You Can't do Better Than Your Best


If you're anything like me, you spend your days wishing to be the best version of yourself. You're constantly thriving for self-improvement. You have aspirations and goals. You're motivated to learn. Which is all great...

But you also berate yourself when you find that you're not meeting your self-imposed expectations of what your best state entails.

And when I speak of being your best it can mean anything: from your general state, to your career, social life, relationships, hobbies, etc.

Sentences like the following haunt your thoughts:

You only managed ten push-ups but you've done thirty in the past.

You only wrote 100 words today, when you occasionally write multiple chapters a day.

You only sold one product versus dozens.

You came in second in the race, but you won the grand prize last time.

Whether we like it or not, most of us are constantly in a state of competition because of that four letter word. We want the best and we want to be the best. If we're not competing with our peers, than we're competing with ourselves. And when you're in a competition with the wrong intentions you place yourself at risk for disappointment and loss.

All this because we seemed to have lost the meaning of our best.


Time to redefine your best.

I want you to take a second and silence that berating voice in your head.

Silence those words urging productivity. Mute that nagging voice reminding you that you're behind schedule or likely to face failure.

Then take a breath and listen closely: You can not do better than your best.
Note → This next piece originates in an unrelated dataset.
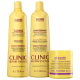 Kit Richée Professional Clinic Repair System Cuidado de Salão (3 Produtos) (1)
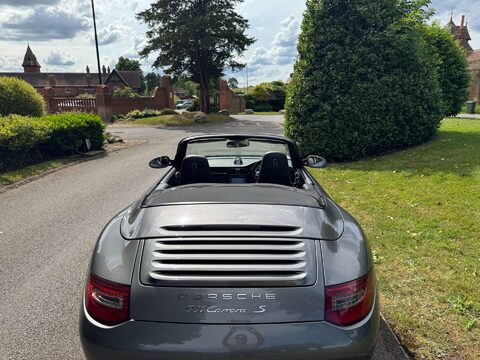 Porsche 911 3.8 911 Carrera 2s Semi-Auto 2dr 8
Your best at any given moment will look different than it has in the past or will in the future.

I firmly believe that with skill development and experience your best changes through time. But you can never do better than your current best.

It's okay that your best looks different everyday. Just because you hit a certain goal one day, and don't another, doesn't mean that you're not doing your best. It doesn't mean that your failing to reach your full potential. If you gave it your all and didn't see the same results, it only means that you lived it with different conditions.

If I had an awful cold with a clogged nose and nasty cough, I probably wouldn't run a marathon as quick as I usually would. I probably wouldn't run it all, because I hate running. Alas, this is only a metaphor and my stamina doesn't change what I'm trying to prove.

The point is, after that marathon, I could choose to sit in the corner of my roon and pout. Pout because maybe I came in last. Maybe it took me ten minutes longer than the last time.

But while I perhaps ran the marathon faster in the past, or have the potential to run it faster in the future, neither means that I did not perform in the best of capabilities during that specific race.

So, allow yourself to rest. Be more forgiving of yourself. You can't run at the same productivity level every day, because shit happens. Illnesses, mental or physical, construction, distractions, unlucky twists of events, etc., can all happen unexpectedly.

So rather than berating yourself for not doing your best, take a moment and reflect. Ask yourself if you performed to the best of your capacity in that current moment? Because if you did, then really it would be unrealistic to expect better. Don't be so harsh on yourself.